More than 2,000 years ago, climate change may have played a role in deadly pandemics that swept through the Roman Empire.
Scientists have discovered a link between cold, dry periods and devastating bouts of fatal illness between 200 B.C.E. and 600 C.E. in Roman Italy, according to a study published on Friday in the journal Science Advances.
“Investigating the resilience of ancient societies to past climate change … might give us better insight into these relationships and the climate change-induced challenges we are facing today,” lead author Karin Zonneveld, a micropaleontologist at Germany’s University of Bremen, tells Live Science’s Stephanie Pappas.
To study the climate of the Roman Empire, scientists drilled down into the sediment of the Gulf of Taranto, a body of water between the “sole” and “heel” of Italy’s boot. They pulled out long samples of the sediment, then analyzed the various layers, similar to how dendrochronologists study tree rings.
They were able to link layers of sediment with specific periods in time because of the presence of volcanic glass from well-known volcanic eruptions throughout history, including the infamous eruption of Vesuvius in 79 C.E.

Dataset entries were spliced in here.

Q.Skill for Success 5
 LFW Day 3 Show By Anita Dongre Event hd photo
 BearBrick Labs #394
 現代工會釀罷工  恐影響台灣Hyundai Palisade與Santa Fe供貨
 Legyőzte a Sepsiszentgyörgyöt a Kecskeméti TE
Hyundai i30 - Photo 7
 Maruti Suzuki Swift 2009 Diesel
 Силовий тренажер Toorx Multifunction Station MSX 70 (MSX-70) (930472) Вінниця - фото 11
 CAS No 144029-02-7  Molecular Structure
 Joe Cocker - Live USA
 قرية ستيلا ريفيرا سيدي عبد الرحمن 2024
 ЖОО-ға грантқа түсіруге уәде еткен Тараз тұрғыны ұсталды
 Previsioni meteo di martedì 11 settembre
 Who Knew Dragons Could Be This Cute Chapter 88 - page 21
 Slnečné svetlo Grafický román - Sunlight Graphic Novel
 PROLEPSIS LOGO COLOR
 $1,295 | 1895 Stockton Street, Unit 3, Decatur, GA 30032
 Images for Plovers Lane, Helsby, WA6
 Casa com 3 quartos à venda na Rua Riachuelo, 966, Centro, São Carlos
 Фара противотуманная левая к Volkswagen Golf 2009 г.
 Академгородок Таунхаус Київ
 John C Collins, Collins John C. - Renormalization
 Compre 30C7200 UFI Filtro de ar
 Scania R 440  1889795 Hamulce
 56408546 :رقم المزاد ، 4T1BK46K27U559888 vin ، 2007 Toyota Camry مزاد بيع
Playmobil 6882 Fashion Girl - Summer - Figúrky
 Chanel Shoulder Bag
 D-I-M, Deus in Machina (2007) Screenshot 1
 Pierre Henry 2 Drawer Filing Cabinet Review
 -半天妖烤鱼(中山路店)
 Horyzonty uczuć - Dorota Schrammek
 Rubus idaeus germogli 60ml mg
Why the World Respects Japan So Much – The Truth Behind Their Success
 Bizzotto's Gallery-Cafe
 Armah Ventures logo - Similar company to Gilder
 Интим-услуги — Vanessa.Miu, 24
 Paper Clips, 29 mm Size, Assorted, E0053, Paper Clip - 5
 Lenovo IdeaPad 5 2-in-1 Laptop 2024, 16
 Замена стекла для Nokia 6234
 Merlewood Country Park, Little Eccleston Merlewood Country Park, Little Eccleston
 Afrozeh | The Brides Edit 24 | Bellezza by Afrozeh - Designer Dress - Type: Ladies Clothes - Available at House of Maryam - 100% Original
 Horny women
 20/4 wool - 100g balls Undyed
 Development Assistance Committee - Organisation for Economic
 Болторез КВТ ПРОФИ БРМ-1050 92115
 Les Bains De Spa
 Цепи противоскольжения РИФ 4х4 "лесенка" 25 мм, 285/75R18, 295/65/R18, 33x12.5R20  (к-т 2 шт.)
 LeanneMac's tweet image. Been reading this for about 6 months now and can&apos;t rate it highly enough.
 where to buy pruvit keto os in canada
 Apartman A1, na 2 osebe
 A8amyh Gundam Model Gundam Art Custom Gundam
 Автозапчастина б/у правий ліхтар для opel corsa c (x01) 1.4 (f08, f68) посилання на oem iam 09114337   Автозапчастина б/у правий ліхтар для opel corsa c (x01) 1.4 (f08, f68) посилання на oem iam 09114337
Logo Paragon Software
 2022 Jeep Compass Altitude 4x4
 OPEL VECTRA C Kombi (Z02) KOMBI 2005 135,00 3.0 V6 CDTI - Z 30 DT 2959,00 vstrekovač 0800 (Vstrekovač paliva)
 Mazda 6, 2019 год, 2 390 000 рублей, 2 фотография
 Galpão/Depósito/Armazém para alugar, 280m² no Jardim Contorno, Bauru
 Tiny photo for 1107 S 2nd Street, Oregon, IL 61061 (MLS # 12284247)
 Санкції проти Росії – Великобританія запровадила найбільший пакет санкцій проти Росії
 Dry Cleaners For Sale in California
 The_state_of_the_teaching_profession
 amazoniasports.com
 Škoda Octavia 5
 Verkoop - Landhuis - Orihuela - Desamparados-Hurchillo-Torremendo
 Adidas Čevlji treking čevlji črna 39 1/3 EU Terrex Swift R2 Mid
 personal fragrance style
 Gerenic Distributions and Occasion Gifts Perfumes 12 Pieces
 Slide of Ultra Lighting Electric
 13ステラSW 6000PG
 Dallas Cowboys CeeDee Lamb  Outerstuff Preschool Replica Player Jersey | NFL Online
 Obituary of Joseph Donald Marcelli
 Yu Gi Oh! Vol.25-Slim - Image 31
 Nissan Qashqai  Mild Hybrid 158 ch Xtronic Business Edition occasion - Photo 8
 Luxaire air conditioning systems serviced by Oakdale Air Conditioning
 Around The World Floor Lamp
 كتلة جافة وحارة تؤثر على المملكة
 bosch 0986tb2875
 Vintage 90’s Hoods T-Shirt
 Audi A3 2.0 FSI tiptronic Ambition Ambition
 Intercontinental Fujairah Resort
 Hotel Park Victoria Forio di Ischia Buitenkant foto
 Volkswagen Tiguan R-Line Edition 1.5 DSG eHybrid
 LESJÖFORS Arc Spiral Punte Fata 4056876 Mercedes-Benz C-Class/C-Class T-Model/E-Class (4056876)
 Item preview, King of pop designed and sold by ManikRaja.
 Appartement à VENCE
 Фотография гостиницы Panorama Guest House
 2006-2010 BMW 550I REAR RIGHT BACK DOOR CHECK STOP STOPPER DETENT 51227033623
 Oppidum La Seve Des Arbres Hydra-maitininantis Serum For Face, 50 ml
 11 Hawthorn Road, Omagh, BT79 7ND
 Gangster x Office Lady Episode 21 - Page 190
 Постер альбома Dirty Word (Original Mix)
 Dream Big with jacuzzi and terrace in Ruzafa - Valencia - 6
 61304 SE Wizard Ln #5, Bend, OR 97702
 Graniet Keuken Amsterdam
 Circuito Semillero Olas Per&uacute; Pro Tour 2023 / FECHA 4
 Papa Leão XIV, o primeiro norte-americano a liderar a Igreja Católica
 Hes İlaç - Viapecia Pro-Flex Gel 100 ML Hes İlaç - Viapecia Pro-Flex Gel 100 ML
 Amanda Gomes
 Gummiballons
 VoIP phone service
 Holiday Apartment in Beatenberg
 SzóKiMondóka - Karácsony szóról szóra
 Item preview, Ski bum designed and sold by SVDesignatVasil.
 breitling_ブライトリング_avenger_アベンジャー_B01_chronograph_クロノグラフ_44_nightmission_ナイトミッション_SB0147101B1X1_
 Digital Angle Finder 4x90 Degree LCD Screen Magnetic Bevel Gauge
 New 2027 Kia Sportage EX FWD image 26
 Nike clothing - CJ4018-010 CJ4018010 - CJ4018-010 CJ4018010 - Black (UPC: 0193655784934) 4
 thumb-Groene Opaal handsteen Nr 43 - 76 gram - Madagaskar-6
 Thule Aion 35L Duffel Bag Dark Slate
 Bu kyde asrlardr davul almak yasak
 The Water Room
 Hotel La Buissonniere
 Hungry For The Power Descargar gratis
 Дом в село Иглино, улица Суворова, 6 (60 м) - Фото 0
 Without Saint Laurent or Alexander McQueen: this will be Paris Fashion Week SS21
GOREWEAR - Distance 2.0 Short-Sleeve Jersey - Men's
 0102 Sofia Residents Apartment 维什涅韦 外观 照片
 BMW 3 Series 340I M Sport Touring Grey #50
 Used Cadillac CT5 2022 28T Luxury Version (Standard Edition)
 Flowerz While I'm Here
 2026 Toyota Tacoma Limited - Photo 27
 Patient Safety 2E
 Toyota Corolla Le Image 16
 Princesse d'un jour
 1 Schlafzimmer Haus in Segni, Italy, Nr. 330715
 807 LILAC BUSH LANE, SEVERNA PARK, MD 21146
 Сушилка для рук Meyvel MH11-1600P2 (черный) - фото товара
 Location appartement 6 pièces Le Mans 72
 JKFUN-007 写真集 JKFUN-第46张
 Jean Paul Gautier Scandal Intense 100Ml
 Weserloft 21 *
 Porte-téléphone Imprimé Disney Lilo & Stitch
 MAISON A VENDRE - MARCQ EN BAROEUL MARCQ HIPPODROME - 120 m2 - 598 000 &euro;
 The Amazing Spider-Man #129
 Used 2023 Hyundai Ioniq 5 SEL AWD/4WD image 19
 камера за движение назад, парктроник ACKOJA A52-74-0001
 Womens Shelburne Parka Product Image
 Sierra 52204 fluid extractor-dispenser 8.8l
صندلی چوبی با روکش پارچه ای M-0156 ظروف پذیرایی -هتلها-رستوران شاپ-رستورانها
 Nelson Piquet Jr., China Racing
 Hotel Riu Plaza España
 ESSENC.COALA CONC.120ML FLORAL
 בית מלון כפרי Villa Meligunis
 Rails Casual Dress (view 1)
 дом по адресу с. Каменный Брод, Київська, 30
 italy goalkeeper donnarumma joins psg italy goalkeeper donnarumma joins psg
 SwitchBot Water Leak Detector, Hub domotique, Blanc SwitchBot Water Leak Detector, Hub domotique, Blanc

They also studied the preserved remains of small organisms, called dinoflagellates, in the sediment. Different types of dinoflagellates prefer different weather conditions—some thrive during periods of cold weather, while others proliferate during times of high precipitation.
Based on the dinoflagellates, the team was able to recreate a climate timeline for Roman Italy. From 200 to 100 B.C.E, for instance, the climate was stable. Then, the findings suggest three very cold periods struck the region: between 160 and 180 C.E., between 245 and 274 C.E. and after 500 C.E.
All three of those periods line up with documented plagues. The first was the Plague of Galen, also known as the Antonine Plague, which likely originated in western Asia and caused diarrhea, skin pustules and fever. The second cold snap coincided with the Plague of Cyprian, while the third aligned with the Plague of Justinian, the first known outbreak of bubonic plague in western Eurasia.
The links between the cold snaps and the pandemics were so obvious that “it was one of those times when, as a scientist, you go, ‘Wow,’” says Zonneveld to Scientific American’s Tom Metcalfe.
The cold likely did not directly cause the disease outbreaks. Instead, it may have exacerbated other factors that made people more susceptible to illness. Farmers might not have been able to grow enough food, leading to malnourishment. Climate disruption may have also given rise to more disease-carrying rats, mosquitos and other pests.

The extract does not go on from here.